その効果はといえば、現在も美味しくタバコをいただいている時点でお察し(というか、僕が買ったものは不良品だったのか、煙がほとんど出なかったので、すぐ使わなくなった)なのですが、あえてそんな古い話を持ち出したのにはそれなりのわけがありましてね。

皆様は、VAPE(ベイプ)なる嗜好品をご存知でしょうか。

このVAPEなるものは、電子タバコの見栄えを格好良くしただけのもののように思えますが、なんでもアメリカでは禁煙グッズの領域を越え、香りを楽しむ嗜好品として人気だとか。

海の向こうでどの程度の人気なのかはさておき、なるほどたしかに、「VAPE」という言葉で検索をかけると、ずいぶんとおしゃれな見た目の電子タバコではありませんか。

タバコの形を再現しよう、などという気持ちは微塵も感じられないその姿は、最もタバコに近い形をしているものでさえ、メカニカルな美術品のようでさえあります。

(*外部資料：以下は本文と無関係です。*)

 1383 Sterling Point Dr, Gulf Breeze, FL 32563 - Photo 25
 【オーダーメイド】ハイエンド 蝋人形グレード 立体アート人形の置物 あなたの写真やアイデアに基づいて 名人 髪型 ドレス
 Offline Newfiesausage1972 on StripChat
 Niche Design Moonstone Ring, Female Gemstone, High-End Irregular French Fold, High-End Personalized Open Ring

更にこのVAPE、アメリカでは見た目のカスタマイズも行われているとか。本体の形状やカラーリングはもとより、吸い口の形状や長さ、材質なんかも様々なパーツがあるらしく、軽く調べただけでも、メタリックなキセルやパイプのような形状まである始末。

更に更に、電子タバコの肝と言っても過言ではない薬液(VAPEではリキッドと言われているようです)に至っては、さすがに嗜好品として人気というだけあり、タバコ、フルーツ、デザート、ドリンクなど、多種多様なフレーバーが存在しているのです。

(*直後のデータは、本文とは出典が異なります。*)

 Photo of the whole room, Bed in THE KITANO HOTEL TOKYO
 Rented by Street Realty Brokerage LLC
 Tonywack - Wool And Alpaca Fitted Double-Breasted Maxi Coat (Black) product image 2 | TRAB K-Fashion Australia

レッドブルとかバナナとか、もはや別の意味で身体に悪そうな味まであるのですから、ここまで来るともはや電子タバコ、などというタバコの代替品ではなく、ひとつの嗜好品と言っても過言ではない。まったくない。

しかし、名前というのは不思議ですね。
電子タバコ」と聞くと、おしゃれさも面白みもない、有象無象の禁煙グッズのひとつ、という認識になってしまいますが、「VAPE」と聞くと、見た目も相まってなんだか格好良いじゃないですか。

そんなわけで近々、VAPEを試してみようかな、と思う次第です。

ちなみに、目的は禁煙ではありませんよ。減煙かそれ以下ですよ。強いて言うなら興味本位で買ってみるだけですよ。駄目人間だもの。